The character of Holmes, which remains prominent today in the form of hit television shows, movies, and a million pastiches and homages, was the quintessential thinking machine and walking computer. Doyle’s “tales of ratiocination” (to borrow a phrase from Edgar Allan Poe, the inventor of the modern detective tale) uphold the scientific method and rationality as the primary components of any criminal investigation. All other elements are discarded in favor of pure calculation. In “The Adventure of the Sussex Vampire” (1924), Holmes makes clear his disdain for the supernatural or anything other than rational when he quips, “The world is big enough for us. No ghosts need apply.”

Chesterton (1874–1936) took a completely different tack when he created his own detective named Father Brown. While ghosts and the supernatural do not make appearances in the Father Brown stories, Brown is a Roman Catholic priest with an abiding appreciation for the inexplicable mysteries of life and fate.

Where Holmes uses deduction to collar his crooks, Father Brown often relies on intuition and his experiences as a confessional priest. Holmes is a cold and aloof aesthete who cares about solving puzzles above all. Father Brown is a warm and humble investigator of the human psyche as well as the human soul. Holmes follows clues and builds his case from there; Father Brown examines the heart and traces sin back to its source.

Holmes does not always collar his criminals, but he rarely if ever absolves them of guilt. Like Sherlock Holmes and Professor Moriarty, Father Brown faces off against his own arch-villain, the French master thief Flambeau. However, Father Brown makes a friend of Flambeau in the later stories, whereas Professor Moriarty and Holmes never cease their deadly cat-and-mouse struggle.

In contrast to the lean, hawk-like Holmes, Father Brown is described in “The Blue Cross” (1910) as a man with “a face as round and dull as a Norfolk dumpling.” Whereas Holmes immediately commands respect in his stories, most observers are quick to disparage the provincial priest as the embodiment of dull-witted and staid rural life.
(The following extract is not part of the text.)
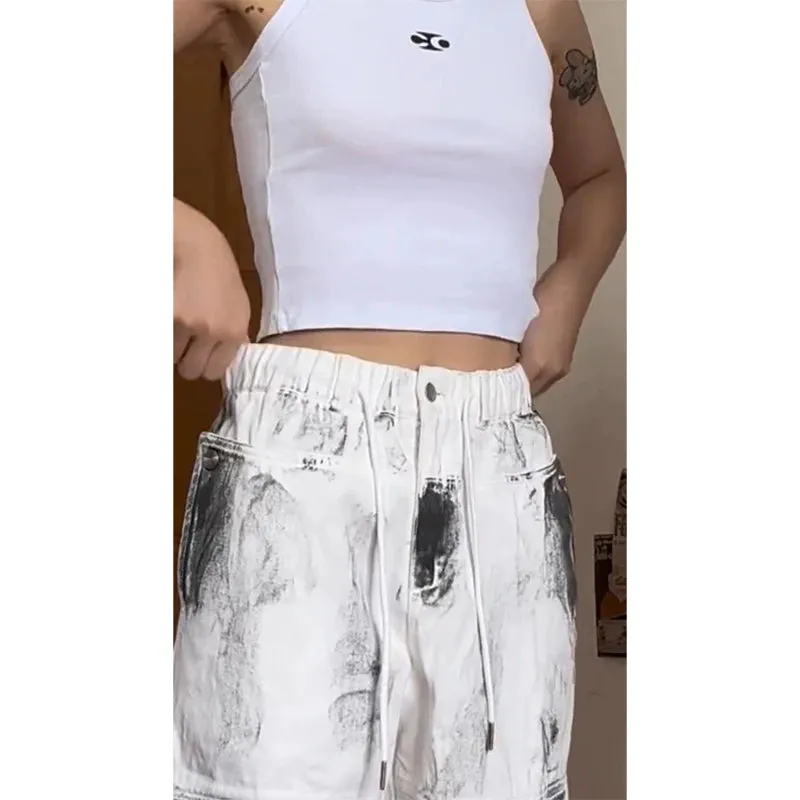 Women's White Cargo Jeans Y2k Vintage High Waist Wide Leg Tie Dye Denim Trousers Baggy Jean Cargo Pants Vintage 2000s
This always proves to be a miscalculation, for in all of the stories, the Essex priest gets the better of his opponents without ever breaking a sweat.

Chesterton and Joy

There have been many surprising champions of Chesterton and his work, such as the dour Prague author Franz Kafka, who once remarked that Chesterton was “so happy that one might almost believe he had found God.”  Chesterton may not be as famous as Conan Doyle to most readers, but to Anglophone Christians he is arguably one of the most beloved and quoted writers in any genre.

The joy and deep faith of the Father Brown stories are no accident. Chesterton, arguably the 20th century’s most famous British convert to Roman Catholicism, likely based Father Brown on Father John O’Connor, the parish priest who played a decisive role in his conversion from Anglicanism.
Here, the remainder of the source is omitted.